Captioned web image data
# # # # #
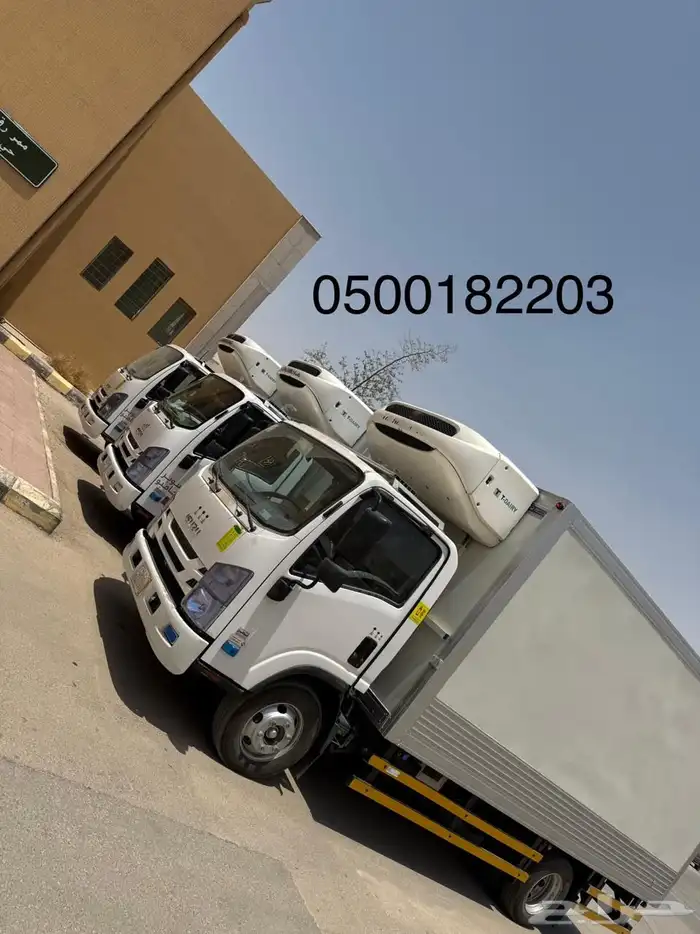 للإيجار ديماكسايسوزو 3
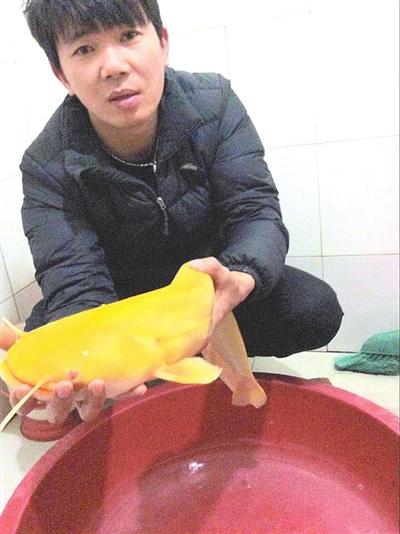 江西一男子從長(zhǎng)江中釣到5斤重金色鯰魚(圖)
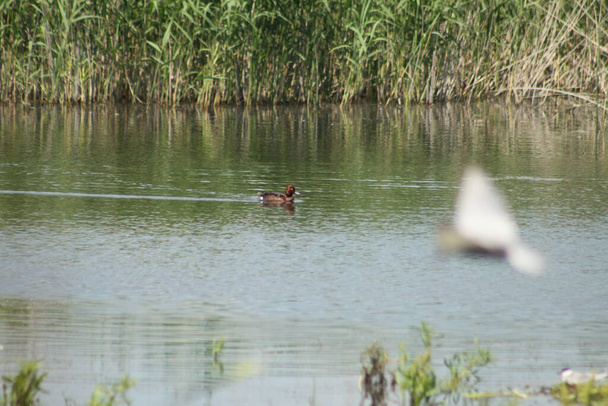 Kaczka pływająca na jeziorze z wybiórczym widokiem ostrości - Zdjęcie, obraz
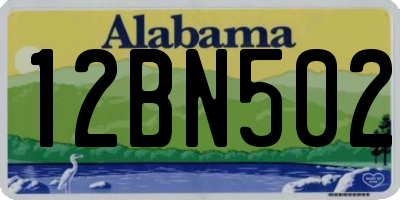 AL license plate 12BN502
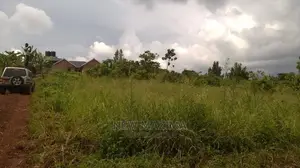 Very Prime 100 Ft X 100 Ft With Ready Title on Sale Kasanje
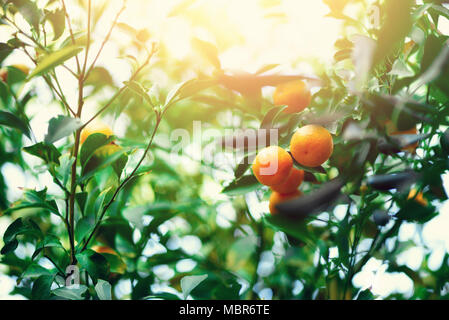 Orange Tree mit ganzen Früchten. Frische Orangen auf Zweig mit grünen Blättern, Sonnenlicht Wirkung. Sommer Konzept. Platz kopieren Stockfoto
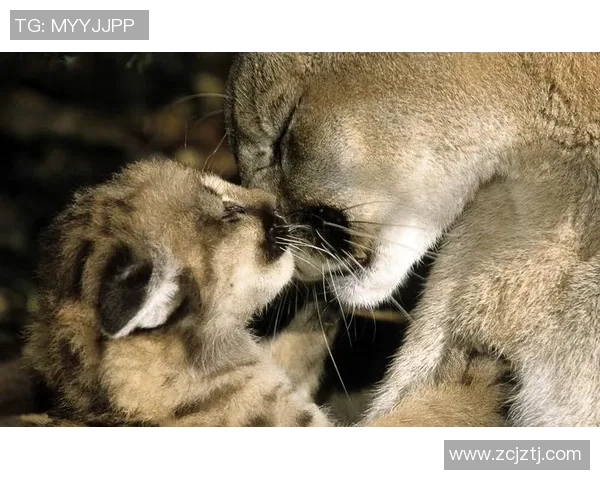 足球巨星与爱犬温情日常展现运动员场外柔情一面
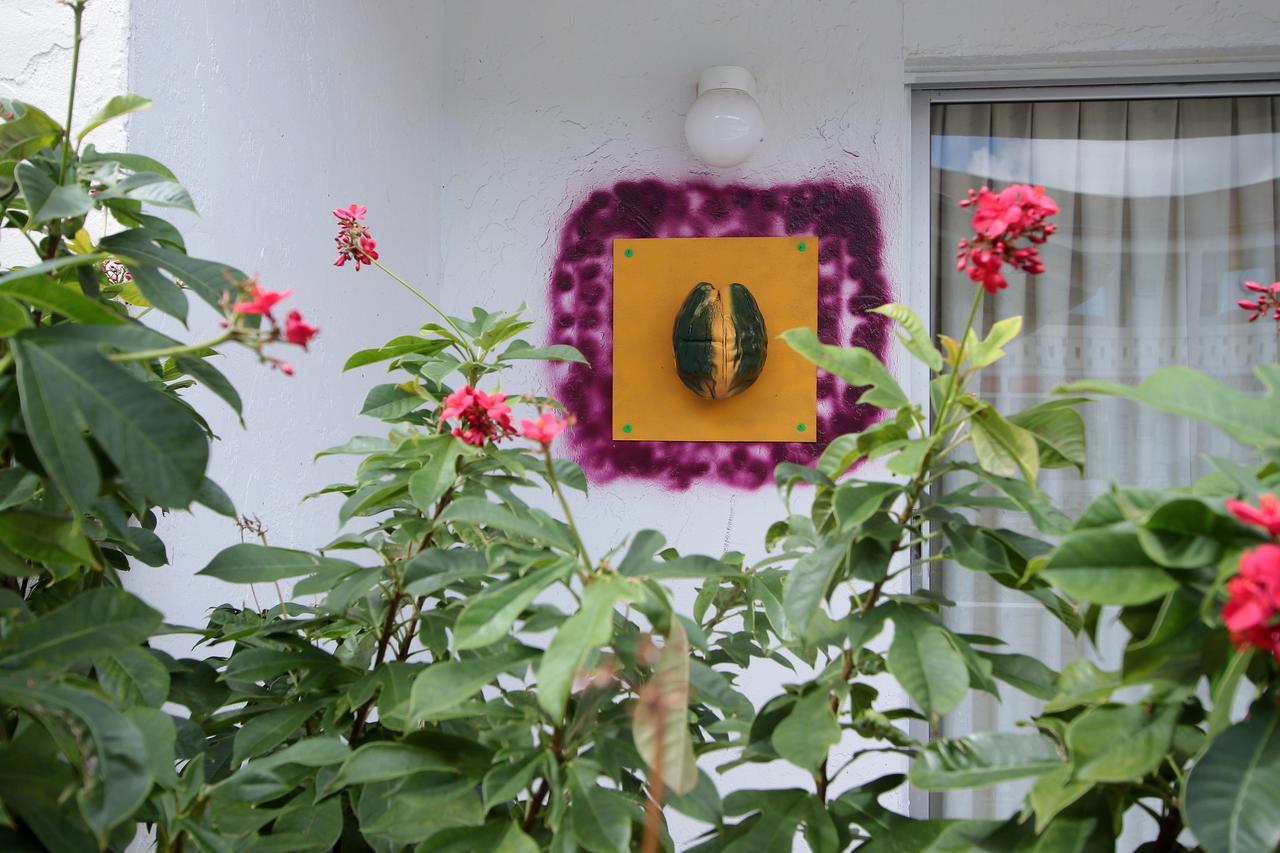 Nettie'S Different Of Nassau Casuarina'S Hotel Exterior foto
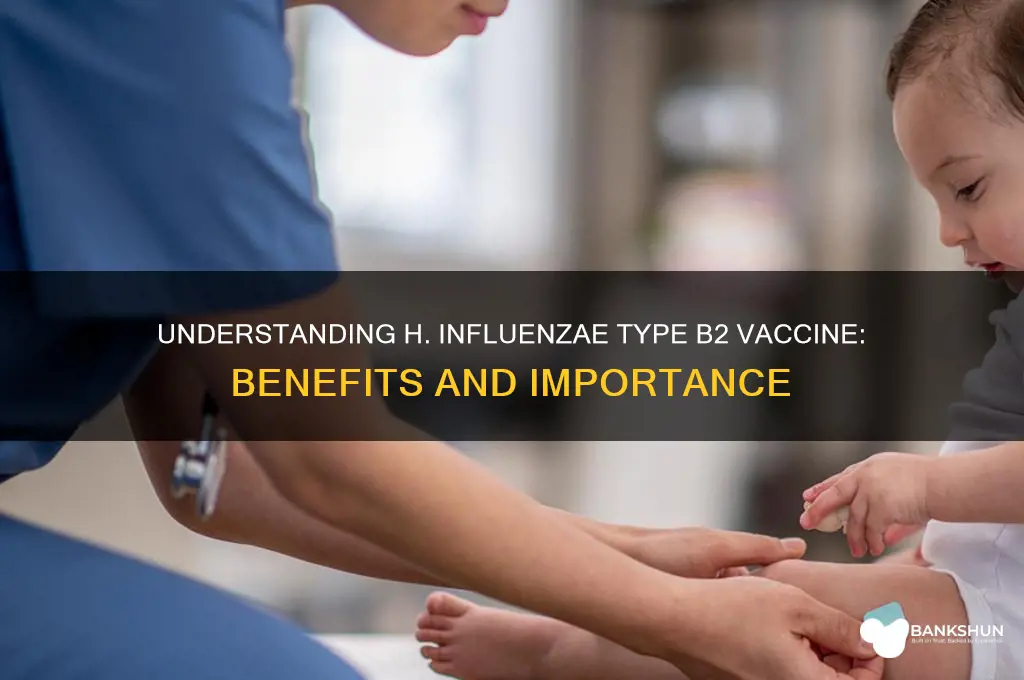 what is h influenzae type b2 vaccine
# # # # #
Find the line with "Orange Tree mit". Return it and each line after it through the end of the data, exactly, without pictures.

- **Output for this task**
 Orange Tree mit ganzen Früchten. Frische Orangen auf Zweig mit grünen Blättern, Sonnenlicht Wirkung. Sommer Konzept. Platz kopieren Stockfoto
 足球巨星与爱犬温情日常展现运动员场外柔情一面
 Nettie'S Different Of Nassau Casuarina'S Hotel Exterior foto
 what is h influenzae type b2 vaccine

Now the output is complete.